When you’re in New Orleans, you can’t help but feel an ever-present sense of precariousness, since no matter in which direction you travel from the city center, you hit large-looming and often mercurial (and indeed, for this reason, mythical) bodies of water. When it rains (which it has, every day we’ve been here), even your skin can’t stop the water from penetrating your inner core—where, many feelings you once held firm are uprooted by the deluge, but also made new again by the sure benediction of water.

Gloomy, at times, is what it is.

I sat in bar earlier in the week—a great bar, with an even greater juke box—whose front door and windows faced a rather puny looking earthen levee, directly on the other side of which ran the Mississippi River, twisting and coiling on its way downstream, like a giant asp you hope just continues on without noticing you. Surely, I thought—and more than once—by some small alteration of course, a simple rearing back, this great snake could just swallow us whole?

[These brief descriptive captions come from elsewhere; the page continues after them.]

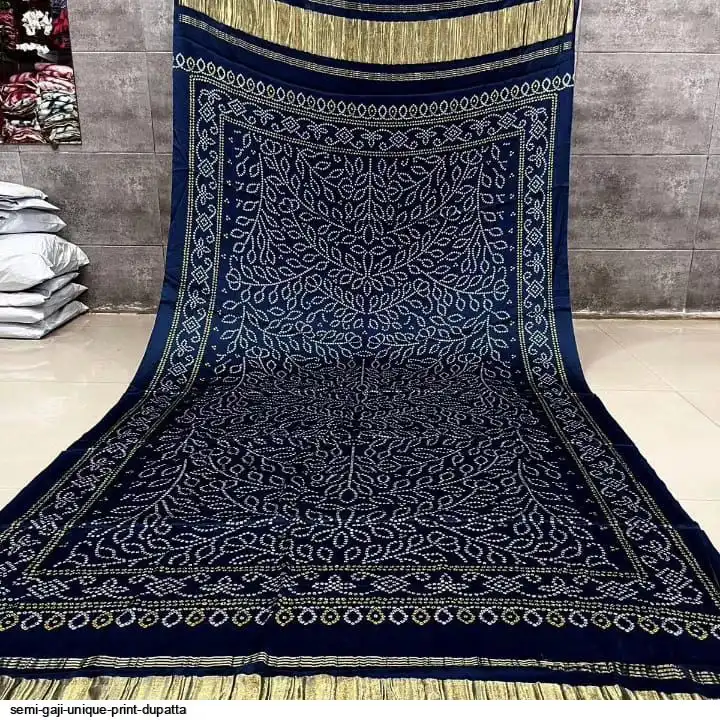 SEMI GAJI UNIQUE PRINT DUPATTA 1
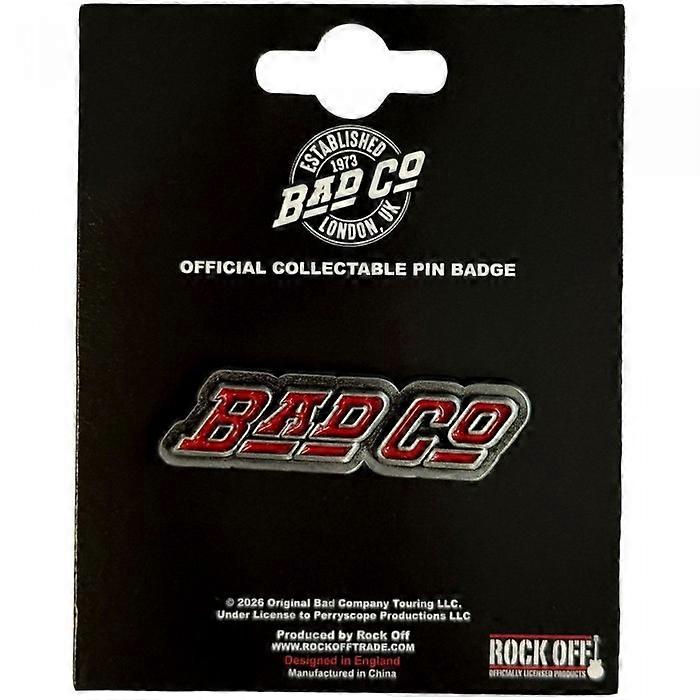 Bad Company Logo Slant Badge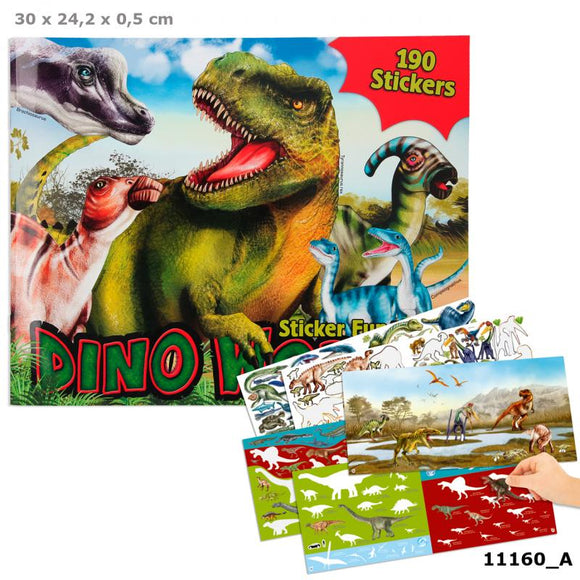 Dino World Sticker Fun Age 4+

I read that the original inhabitants of the area used it mostly as a portage between the nearby lakes and the river, and that permanent settlement was all but impossible—that is, until the French colonizers irrigated and drained the area in a northerly direction in order to create more dry ground and fertile soil for crops. The soil did get drier, but at the expense of its elevation; with the water table being depleted, the land sank into a bowl. The French also imported nutria to hunt for fur, but hunting could not stop the nutria from flourishing and eating many of the roots that once held the delta sediments in tact. Woops.

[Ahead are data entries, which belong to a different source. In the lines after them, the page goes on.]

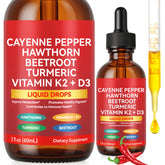 Vortexonix Cayenne Pepper Drops bottle shown for daily wellness support.
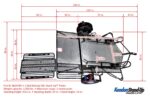 Go! Series Dual Rail Ride-Up Folding Motorcycle Trailer Discounted - Image 3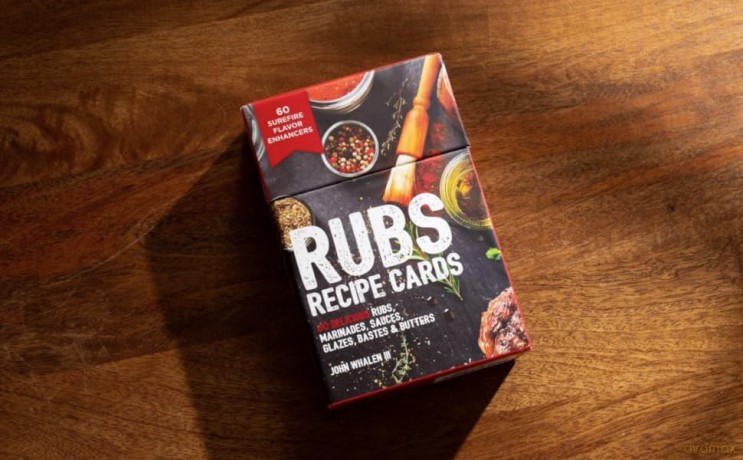 Rubs Recipe Cards: 60 Delicious Marinades, Sauces, Seasonings, Glazes and Bastes [KSIĄŻKA]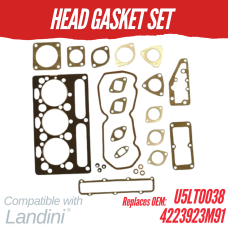 HEAD GASKET SET FOR LANDINI - 4830 5500 5840  PERKINS AD3.152 U5LT0038 / 4223923M91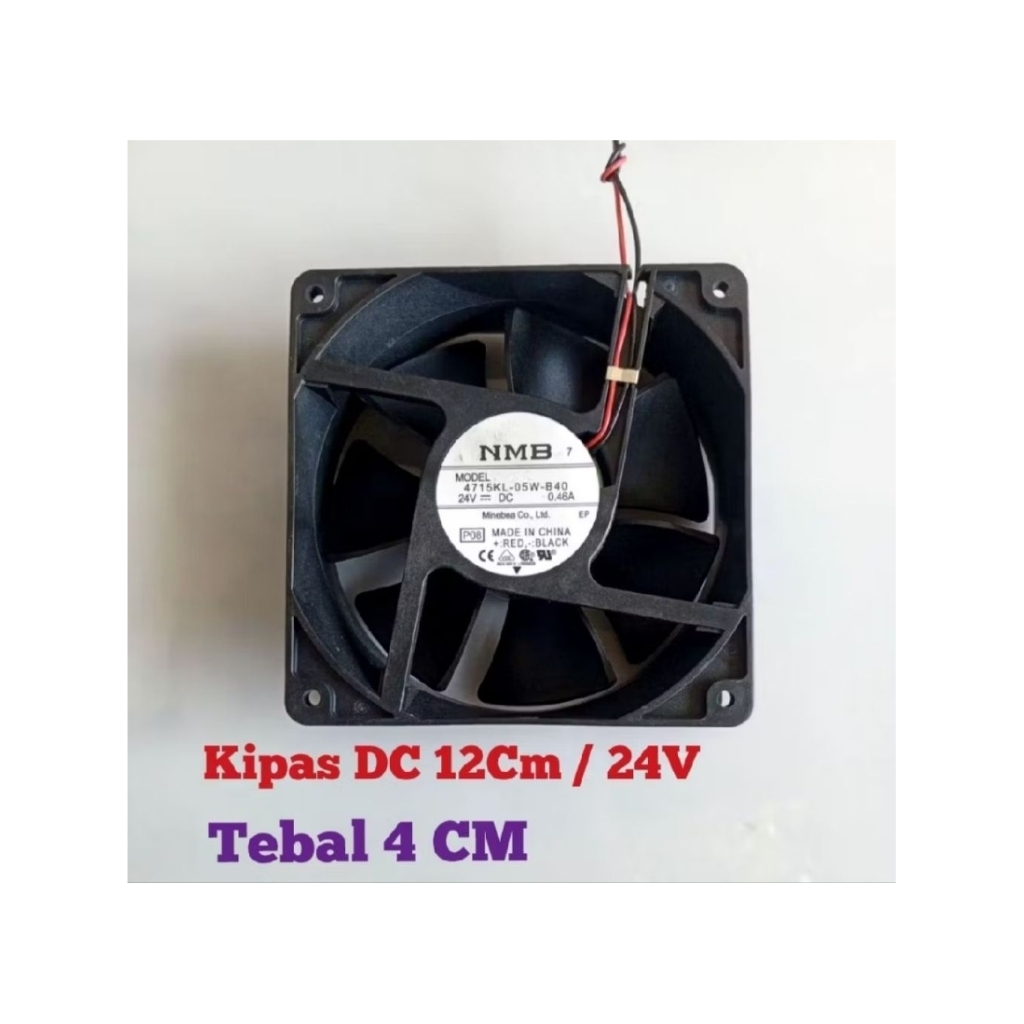 Kipas fan DC 24volt 0.46A 24v 0.46a 12cm 2pin NMB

Many more changes were subsequently made, from slowing and polluting the river upstream (which means less mud is deposited downstream, which means an erosion of the natural levees the river had carved out over time) to building a network of canals, criss-crossing the entire coast and delta, which means even less coastal wetlands and other natural buffers.

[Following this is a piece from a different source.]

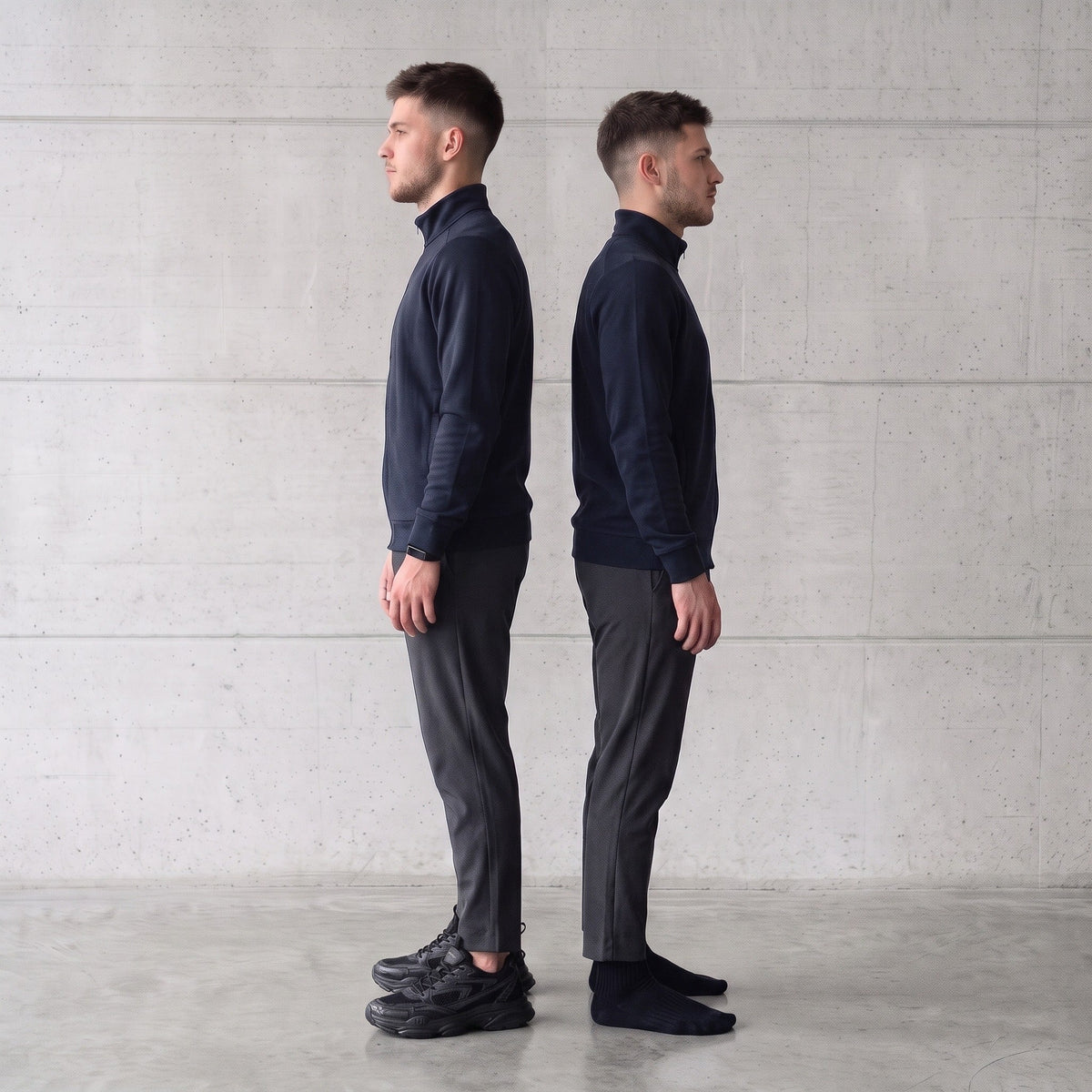 Trama Nero, same man different height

Katrina (and then Rita) highlighted the error of these and other short-sighted decisions, but it doesn’t seem like anything is different now as a result. Or maybe the consequences of these past decisions are irrevocable.



One thought on “Out On the Pavement, Thinkin’ ‘Bout the Water Table

  1. There is such a thin fine line between us and disaster. New Orleans sort of sounds like a johad – built to acess groundwater and store the rain.